Monitoring WAN latency with InfluxDB
This is a simple, ‘quick and dirty’ way to measure network latency over long periods of time. The only ‘complicated’ part is setting up InfluxDB, but I imagine that many folks already have it set up. To get started, check the official documentation.
Network latency will be measured with the good old ping
command, then formatted with generic Unix tools. Then, statistics are stored using the influxdb write
endpoint using the line protocol format. It’s a very simple and elegant API if you ask me.
Bash script
A simple bash script is created at /opt/pingmon.sh
#!/bin/bash
curl -i -XPOST "http://localhost:8086/write?db=netstats" \
--data-binary "ping,dest=cloudflare $(ping -c 1 1.1.1.1 | \
awk '/time=/{print $7}' | sed -e 's/time/rtt/g') $(date +%s%N)"

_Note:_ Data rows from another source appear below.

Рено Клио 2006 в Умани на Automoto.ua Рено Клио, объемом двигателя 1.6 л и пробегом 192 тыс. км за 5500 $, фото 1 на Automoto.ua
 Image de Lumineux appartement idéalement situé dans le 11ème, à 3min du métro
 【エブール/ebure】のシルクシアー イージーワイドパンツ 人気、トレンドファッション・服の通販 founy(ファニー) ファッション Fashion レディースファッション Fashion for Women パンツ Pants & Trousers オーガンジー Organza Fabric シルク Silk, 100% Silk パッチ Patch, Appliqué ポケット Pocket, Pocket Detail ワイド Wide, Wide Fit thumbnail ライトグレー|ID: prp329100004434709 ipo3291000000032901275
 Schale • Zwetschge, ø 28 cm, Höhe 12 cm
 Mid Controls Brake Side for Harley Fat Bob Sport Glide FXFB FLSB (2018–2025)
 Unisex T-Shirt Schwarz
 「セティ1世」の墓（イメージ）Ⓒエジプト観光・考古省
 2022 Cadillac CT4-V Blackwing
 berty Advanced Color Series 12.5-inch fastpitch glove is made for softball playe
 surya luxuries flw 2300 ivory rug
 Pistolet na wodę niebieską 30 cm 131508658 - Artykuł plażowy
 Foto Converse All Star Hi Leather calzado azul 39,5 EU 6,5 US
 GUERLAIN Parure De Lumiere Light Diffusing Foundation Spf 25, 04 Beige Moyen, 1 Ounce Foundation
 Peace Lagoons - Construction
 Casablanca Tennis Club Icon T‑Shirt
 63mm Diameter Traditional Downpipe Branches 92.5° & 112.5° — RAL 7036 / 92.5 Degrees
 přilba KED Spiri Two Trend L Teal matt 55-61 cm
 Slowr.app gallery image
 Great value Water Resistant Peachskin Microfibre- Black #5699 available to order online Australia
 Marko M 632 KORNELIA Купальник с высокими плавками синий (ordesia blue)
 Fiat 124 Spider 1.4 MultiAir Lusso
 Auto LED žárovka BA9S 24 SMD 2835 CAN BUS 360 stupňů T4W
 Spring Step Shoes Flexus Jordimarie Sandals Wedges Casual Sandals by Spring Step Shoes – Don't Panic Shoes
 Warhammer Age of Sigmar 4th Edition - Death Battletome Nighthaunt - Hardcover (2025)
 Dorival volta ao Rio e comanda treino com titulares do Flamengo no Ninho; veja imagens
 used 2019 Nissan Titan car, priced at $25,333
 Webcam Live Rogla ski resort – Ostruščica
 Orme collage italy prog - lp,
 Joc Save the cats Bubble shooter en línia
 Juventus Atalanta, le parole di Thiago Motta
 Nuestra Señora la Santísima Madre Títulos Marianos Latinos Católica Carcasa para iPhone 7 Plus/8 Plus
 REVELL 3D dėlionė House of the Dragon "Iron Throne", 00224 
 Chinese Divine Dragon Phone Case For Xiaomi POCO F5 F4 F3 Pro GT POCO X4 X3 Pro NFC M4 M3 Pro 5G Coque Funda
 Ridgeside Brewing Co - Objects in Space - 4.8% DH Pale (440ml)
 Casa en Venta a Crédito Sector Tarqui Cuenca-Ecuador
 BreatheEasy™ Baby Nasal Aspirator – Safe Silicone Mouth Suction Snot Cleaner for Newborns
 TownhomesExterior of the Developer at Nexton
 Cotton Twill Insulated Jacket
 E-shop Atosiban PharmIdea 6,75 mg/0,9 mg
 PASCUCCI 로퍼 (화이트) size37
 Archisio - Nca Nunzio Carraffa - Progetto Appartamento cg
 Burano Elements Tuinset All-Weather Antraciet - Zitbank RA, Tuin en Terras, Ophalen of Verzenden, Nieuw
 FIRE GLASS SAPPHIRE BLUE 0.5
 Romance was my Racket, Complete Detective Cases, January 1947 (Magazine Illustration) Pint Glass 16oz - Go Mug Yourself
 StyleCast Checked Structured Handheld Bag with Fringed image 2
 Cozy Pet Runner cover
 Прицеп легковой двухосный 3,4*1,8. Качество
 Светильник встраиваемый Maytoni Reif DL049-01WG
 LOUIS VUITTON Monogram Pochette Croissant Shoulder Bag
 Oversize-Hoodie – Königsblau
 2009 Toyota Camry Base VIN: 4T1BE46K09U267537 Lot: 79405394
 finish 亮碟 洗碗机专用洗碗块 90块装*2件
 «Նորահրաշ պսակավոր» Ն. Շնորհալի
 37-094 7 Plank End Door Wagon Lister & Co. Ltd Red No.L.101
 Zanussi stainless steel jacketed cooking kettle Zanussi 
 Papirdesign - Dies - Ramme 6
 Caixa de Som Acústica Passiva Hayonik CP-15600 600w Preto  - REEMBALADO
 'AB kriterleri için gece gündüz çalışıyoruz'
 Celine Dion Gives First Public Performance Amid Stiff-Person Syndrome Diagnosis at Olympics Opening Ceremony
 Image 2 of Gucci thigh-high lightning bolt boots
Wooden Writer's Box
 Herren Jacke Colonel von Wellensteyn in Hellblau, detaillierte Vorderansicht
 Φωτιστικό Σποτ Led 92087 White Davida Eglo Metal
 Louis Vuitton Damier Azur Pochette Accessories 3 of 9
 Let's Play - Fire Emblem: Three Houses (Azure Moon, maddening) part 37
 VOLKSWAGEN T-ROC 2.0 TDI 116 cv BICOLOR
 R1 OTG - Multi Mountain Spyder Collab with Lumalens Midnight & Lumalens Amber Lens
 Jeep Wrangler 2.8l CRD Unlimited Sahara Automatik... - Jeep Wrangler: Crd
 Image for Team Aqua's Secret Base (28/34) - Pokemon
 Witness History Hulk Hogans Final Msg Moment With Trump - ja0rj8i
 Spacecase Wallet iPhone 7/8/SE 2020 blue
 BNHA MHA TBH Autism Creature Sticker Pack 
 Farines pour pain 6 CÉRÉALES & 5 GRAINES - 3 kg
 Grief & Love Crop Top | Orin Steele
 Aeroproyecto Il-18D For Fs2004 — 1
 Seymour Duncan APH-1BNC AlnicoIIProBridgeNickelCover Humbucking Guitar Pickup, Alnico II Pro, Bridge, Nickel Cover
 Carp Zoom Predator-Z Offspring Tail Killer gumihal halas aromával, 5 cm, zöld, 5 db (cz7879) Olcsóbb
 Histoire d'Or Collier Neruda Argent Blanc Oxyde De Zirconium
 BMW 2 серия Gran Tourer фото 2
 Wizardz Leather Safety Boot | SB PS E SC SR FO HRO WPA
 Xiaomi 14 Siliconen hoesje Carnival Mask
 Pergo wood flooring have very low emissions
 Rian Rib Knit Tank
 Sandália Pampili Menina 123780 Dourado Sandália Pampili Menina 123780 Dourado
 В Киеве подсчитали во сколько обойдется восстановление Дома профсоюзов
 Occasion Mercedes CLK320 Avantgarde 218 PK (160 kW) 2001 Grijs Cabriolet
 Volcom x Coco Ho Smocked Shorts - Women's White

When run, this will output the InfluxDB line format:
ping,dest=cloudflare rtt=27.0 1607388217665469702
A few notes about the command:
- InfluxDB requires nanosecond timestamps, so the Unix epoch plus the nanosecond timestamp is output by
date +%s%N
- The field
time
is reserved and cannot be used as part of a measurement, so thesed
statement replaces ‘time’ with ‘rtt’
Cron job
Using cron, the script is run every minute.
* * * * * nobody /opt/pingmon.sh
For security the script is run with absolutely no local access. If logging to a local file, it may be preferred to run as a local user instead.
More destinations
To better ‘map’ the internet, I can copy this line and change the ‘dest’ tag. For example, monitoring Google’s 8.8.8.8 ip:
curl -i -XPOST "http://localhost:8086/write?db=netstats" \
--data-binary "ping,dest=google $(ping -c 1 8.8.8.8 | \
awk '/time=/{print $7}' | sed -e 's/time/rtt/g') $(date +%s%N)"
Dashboard
Finally, using Grafana we can chart out these trends over time. Grafana is one of the simplest ways to view influxdb data, and can be installed very easily.